GWIN: That’s what I was getting at, Nadia, that’s really the question I wanted to ask.
NADIA DRAKE: We do not have aliens in our basement that I am aware of.
GWIN: Imagine being the daughter of not just a famous scientist, but the daughter of a famous scientist who’s looking for aliens. That’s what growing up was like for Frank Drake’s daughter Nadia Drake. She’s a science journalist who writes for National Geographic.
NADIA DRAKE: Dad loves to tell stories, and so I always loved listening. Having a dad in astronomy meant that we could do backyard observing nights and we would aim the telescope at the sky. Jupiter was always his favorite to see because of the colors.
GWIN: Nadia’s dad, who recently celebrated his 92nd birthday, grew up on the south side of Chicago. The middle of a major city might seem like an odd place to look at the stars,
but it was actually an ideal place for a budding young astronomer like Frank.
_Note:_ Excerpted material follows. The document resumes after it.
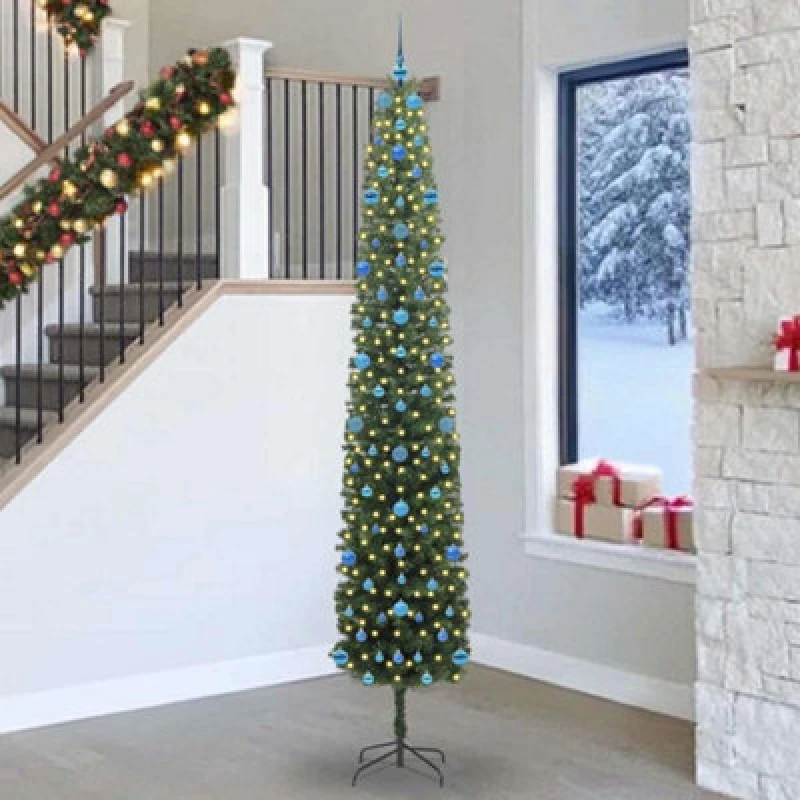 Image of vidaXL Artificial Christmas Tree with 300 LEDs, Blue Balls with Stand Green 270 cm, Green 3394985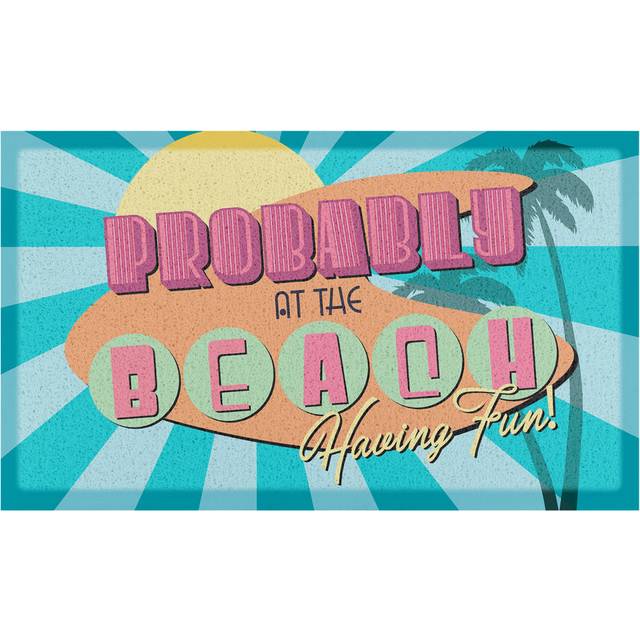 Amane Probably At The Beach 40 x 70 cm Non-Slip Indoor / Outdoor Door Mat - White (40cm W X 70cm L)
FRANK DRAKE: We would go to the Adler Planetarium, and they had the big demonstrations that they ran in the planetarium, where they could describe the constellations and things like that. We did that by bicycle.
GWIN: It was there that he started to imagine the possibility of life outside our planet. And later, as a sophomore at Cornell, he looked into the night sky and saw it revealed everything.
FRANK DRAKE: I think the biggest thrill I ever had in all this business was the first time I looked at Jupiter through a pretty big telescope and actually saw the weather bands on Jupiter and that bright red spot. I could see the appearance of the surface of Jupiter was changing from hour to hour. It just struck me as spectacular because I had been reading descriptions of it and so on, pictures in books, but it’s actually right there. And you could see it.
GWIN: This kid from Chicago peered into the cosmos and had a revelation.
FRANK DRAKE: And it’s a lot of complicated things happening in the universe.
GWIN: The universe presented itself as more than just an inky black cloak with tiny pinpricks of light but rather as three-dimensional, and colorful, and limitless. He described it as a kind of Galilean moment.
FRANK DRAKE: And I thought that was just thrilling.
GWIN: That thrill propelled Frank forward. A stint in the Navy. Graduate school at Harvard.
And then on to begin his career in astronomy to pursue the question that had driven him since childhood.
FRANK DRAKE: Evidence for life in the universe would be found by observing the planets in the solar system.
GWIN: And that’s really been his focus ever since. But in talking to Nadia, I was curious:
How would an out-of-the-box-thinking scientist describe such a quest to his young daughter?
(To Nadia Drake) How did your dad explain how he would go about looking for alien life?
NADIA DRAKE: He said it’s like looking for the technologies that we have. And to me that was very easy to conceptualize. Just looking for signs that other civilizations have communicative technologies that are like ours. It’s conceptually simple, right?
GWIN: Yeah, I guess, it is … but … well …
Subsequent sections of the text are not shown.